Exercise details:
No pictures go into the copy. Write out exactly the lines below from the one containing "Na obrazie widoczny" through the one containing "NJ license plate B63ZWW".

Dataset extract:
________________________
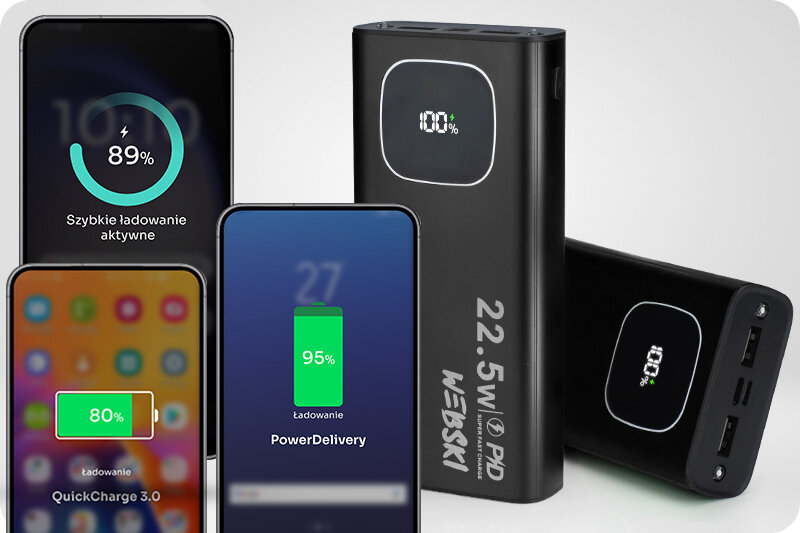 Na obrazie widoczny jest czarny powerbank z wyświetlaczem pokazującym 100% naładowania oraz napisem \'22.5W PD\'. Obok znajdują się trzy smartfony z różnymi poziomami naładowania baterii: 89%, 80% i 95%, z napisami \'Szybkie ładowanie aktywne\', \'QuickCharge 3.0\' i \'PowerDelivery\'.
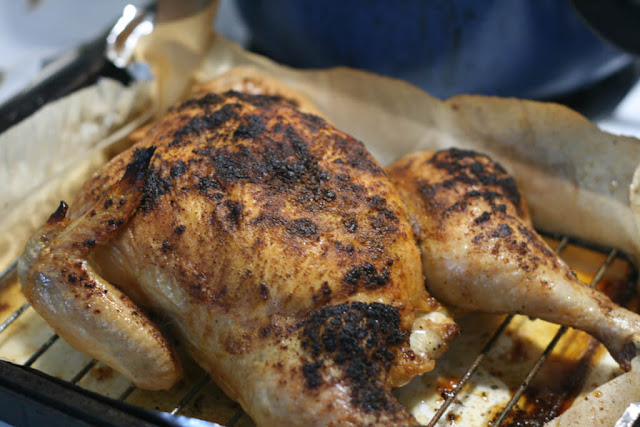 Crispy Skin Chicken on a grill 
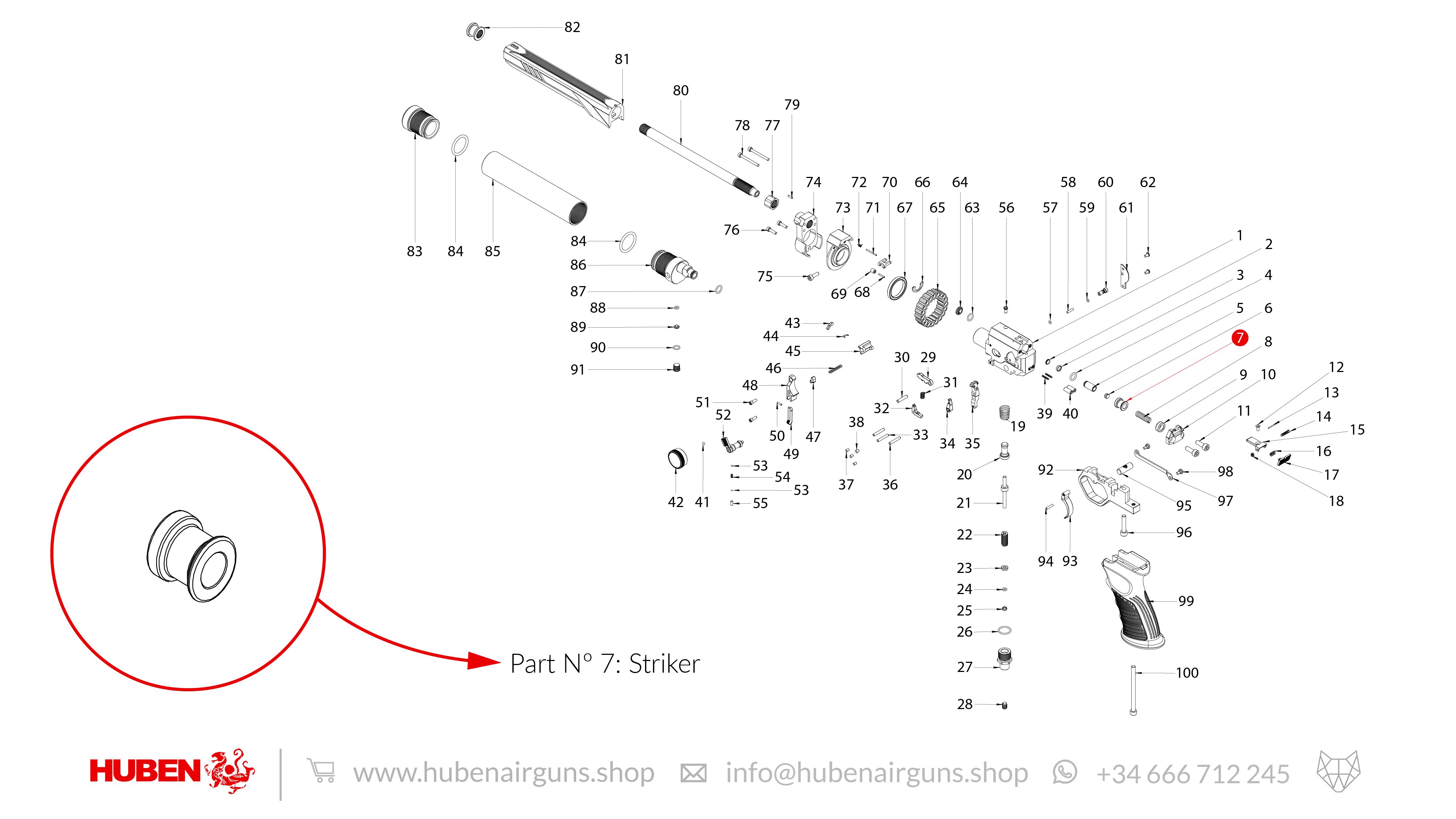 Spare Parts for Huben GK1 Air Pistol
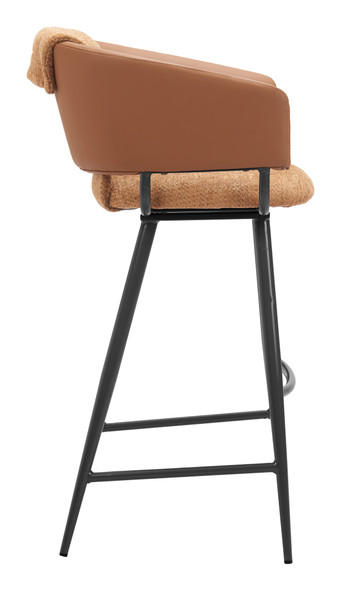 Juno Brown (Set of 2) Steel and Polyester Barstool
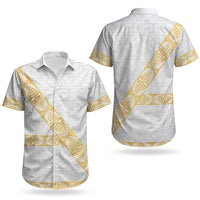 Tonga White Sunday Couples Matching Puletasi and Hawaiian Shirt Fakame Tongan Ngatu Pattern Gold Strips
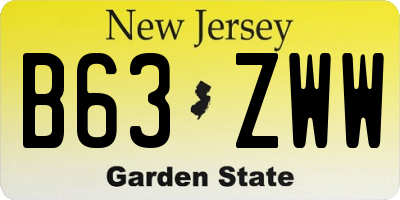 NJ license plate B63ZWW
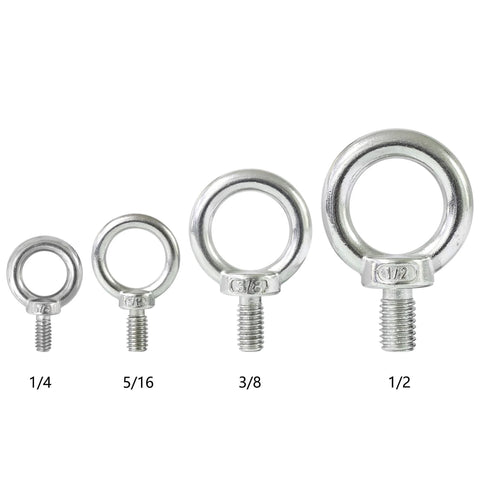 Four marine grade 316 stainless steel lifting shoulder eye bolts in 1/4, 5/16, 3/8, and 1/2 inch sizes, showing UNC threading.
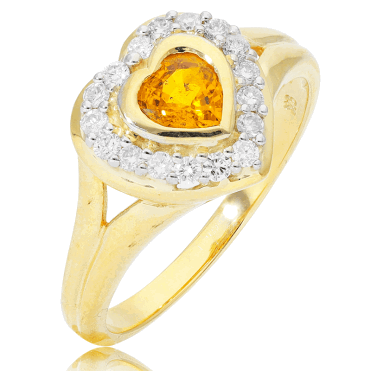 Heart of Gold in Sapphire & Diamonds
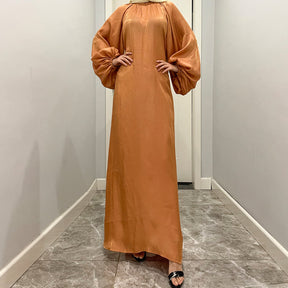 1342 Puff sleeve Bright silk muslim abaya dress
________________________
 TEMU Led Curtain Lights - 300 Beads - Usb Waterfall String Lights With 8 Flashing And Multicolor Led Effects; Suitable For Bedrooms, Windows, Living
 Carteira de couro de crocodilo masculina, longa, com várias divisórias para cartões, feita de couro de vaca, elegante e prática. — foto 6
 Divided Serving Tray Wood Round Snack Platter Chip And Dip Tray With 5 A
________________________
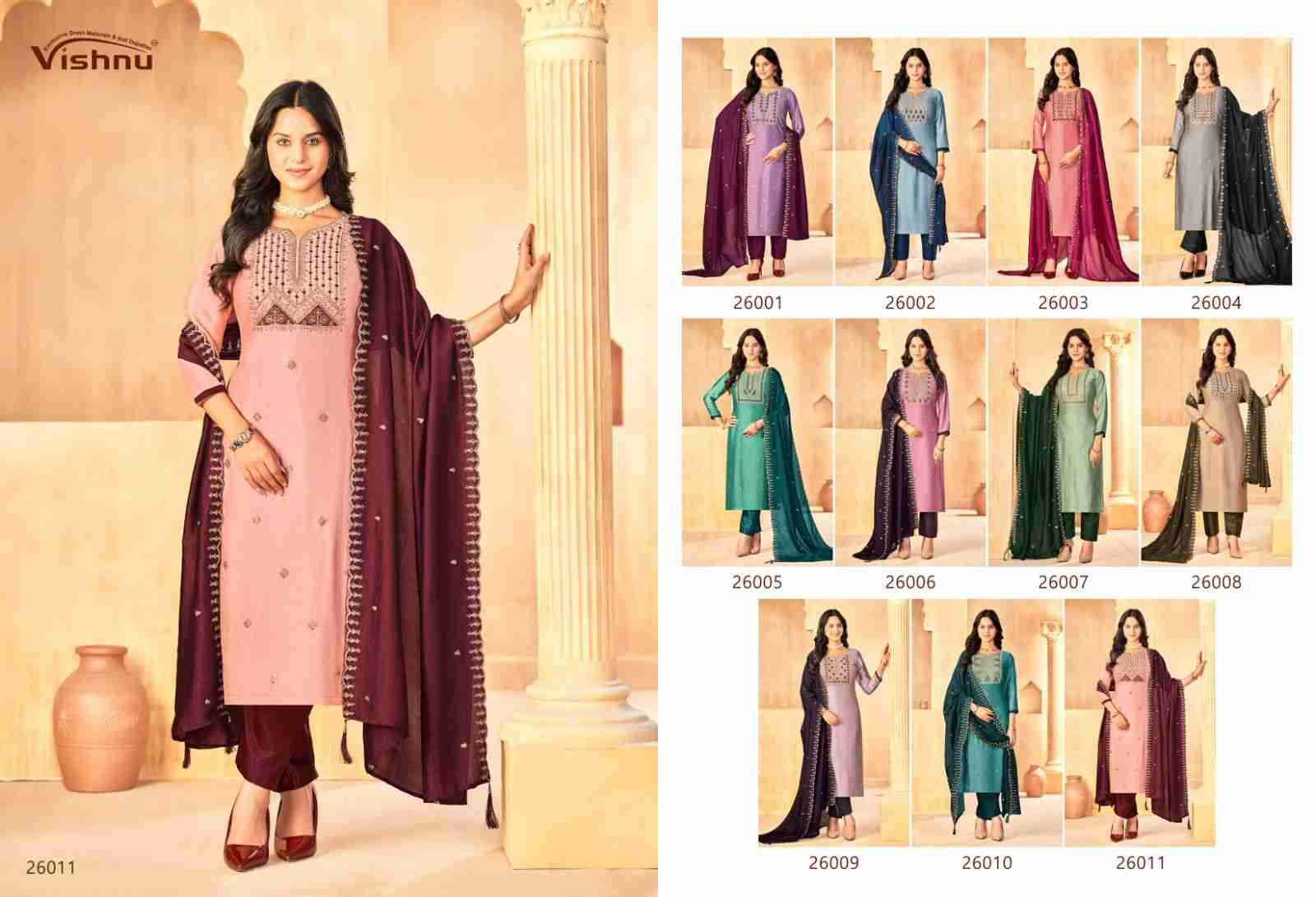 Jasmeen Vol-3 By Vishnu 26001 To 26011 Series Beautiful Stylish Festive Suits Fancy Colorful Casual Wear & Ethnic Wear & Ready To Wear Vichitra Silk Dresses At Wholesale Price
________________________
Worked solution:
 Na obrazie widoczny jest czarny powerbank z wyświetlaczem pokazującym 100% naładowania oraz napisem \'22.5W PD\'. Obok znajdują się trzy smartfony z różnymi poziomami naładowania baterii: 89%, 80% i 95%, z napisami \'Szybkie ładowanie aktywne\', \'QuickCharge 3.0\' i \'PowerDelivery\'.
 Crispy Skin Chicken on a grill 
 Spare Parts for Huben GK1 Air Pistol
 Juno Brown (Set of 2) Steel and Polyester Barstool
 Tonga White Sunday Couples Matching Puletasi and Hawaiian Shirt Fakame Tongan Ngatu Pattern Gold Strips
 NJ license plate B63ZWW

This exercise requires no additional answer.